Pulsar introduces Pulsar Functions and Pulsar IO connectors since 2.0 release.

Pulsar Functions is a turnkey serverless event streaming framework built natively for Apache Pulsar. Pulsar Functions enable users to create event processing logic on a per message basis and bring simplicity and serverless concepts to event streaming, thus eliminating the need to deploy a separate stream processing system. Popular concepts of Pulsar Functions include ETL jobs, real-time aggregation, microserices, reactive services, event routing, and more.

Pulsar IO is a framework that allows you to ingress or egress events from and to Pulsar using the existing Pulsar Functions framework. Pulsar IO consists source and sink connectors. A source is an event processor that ingests data from an external system into Pulsar, while a sink is an event processor that egresses data from Pulsar to an external system.

Both Pulsar Functions and Pulsar IO connectors provide serverless frameworks that make building event streaming application become simpler.

Pulsar Functions supports writing streaming functions using popular languages including Java, Python and Go. It also support different deployment options, from co-running functions/connectors with brokers, running them in a dedicated function worker cluster, to scheduling them on Kubernetes.

Problems

Pulsar supports running functions and connectors on Kubernetes. The existing Kubernetes scheduler implementation stores the functions and connectors metadata within a Pulsar cluster using Pulsar topics and schedules the functions and connectors to run on Kubernetes.

There are a few drawbacks of this implementation:

  1. The function metadata is stored in Pulsar and the function running state is managed by Kubernetes.
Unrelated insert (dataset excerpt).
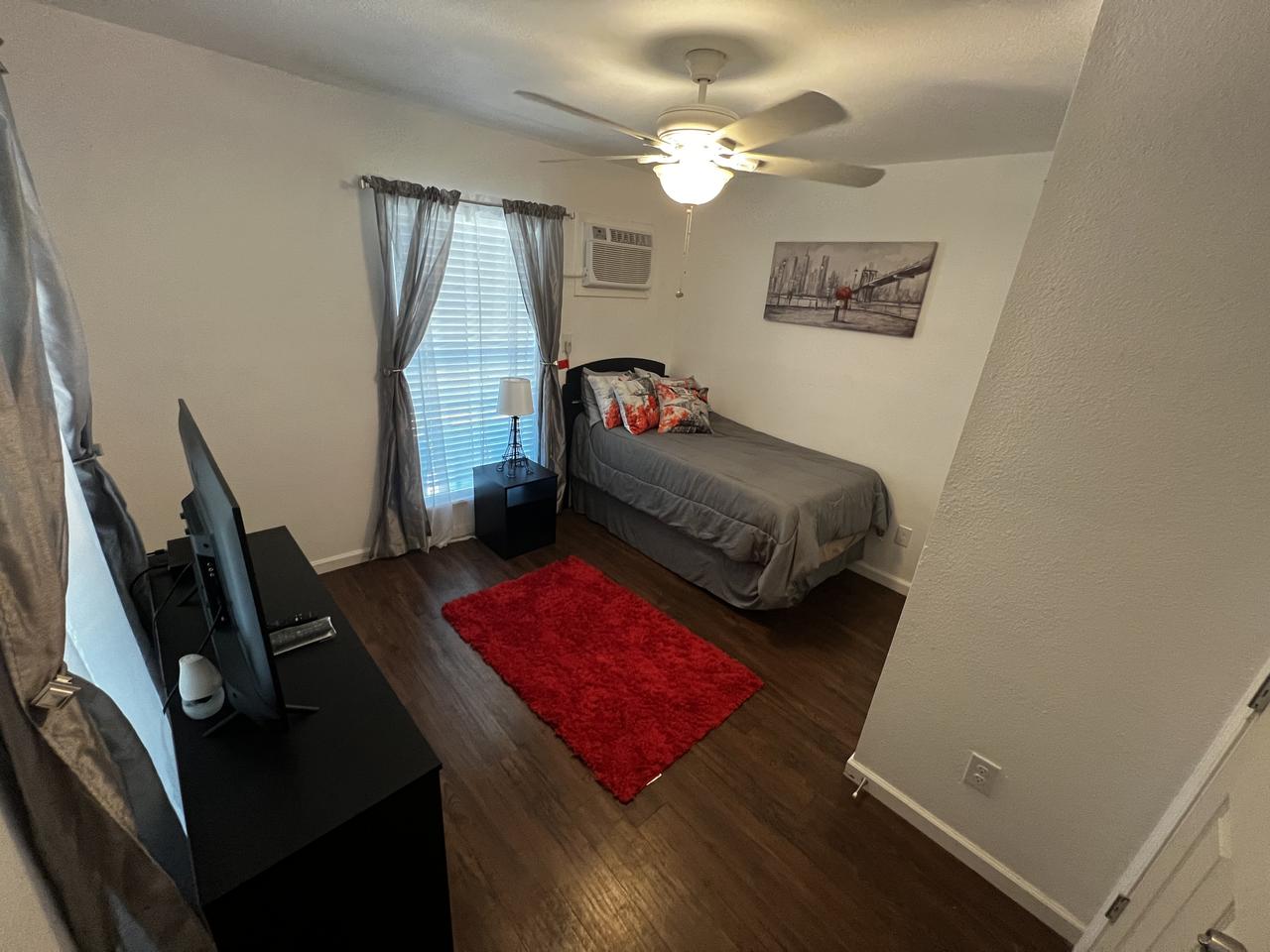 Profile photo 3 of 8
It results in inconsistency between metadata and state, which makes management become complicated and problematic. For example, the StatefulSet running Pulsar Functions can be deleted from Kubernetes, which is beyond the control of Pulsar scheduler.
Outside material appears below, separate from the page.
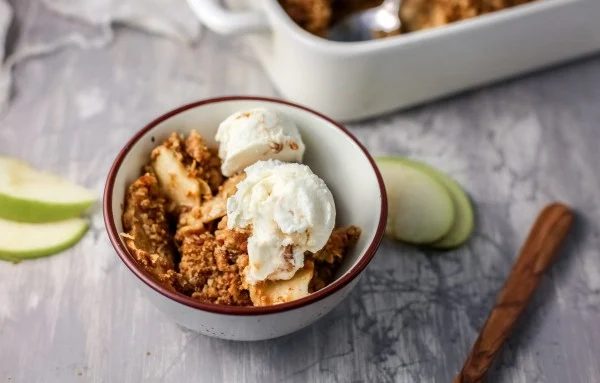 Serve Gluten Free Apple Crisp With Vanilla Ice Cream #Bekob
  2. The existing implementation uses Pulsar topics for storing function metadata. It can cause brokers in a crash loop if the function metadata topics are temperaily not available.

  3. The existing implementation is tied to one Pulsar cluster. It makes functions interacting with multiple Pulsar clusters become complicated.

  4. This existing implementation makes it hard for users deploying Pulsar Functions in Kubernetes to implement certain features, such as auto-scaling.

Additionally, with the increased adoption of Pulsar Functions and Pulsar IO connectors for building serverless event streaming applications, people are looking for orchestrating multiple functions into a single streaming job to archive complex event streaming capabilities. Without Function Mesh, there is a lot of manual work to organize and manage multiple functions to process events.

To solve the pain points and make Pulsar Functions Kubernetes-native, we developed Function Mesh -- a serverless framework purpose-built for running Pulsar Functions and connectors natively on Kubernetes and for simplifying building complext event streaming applications.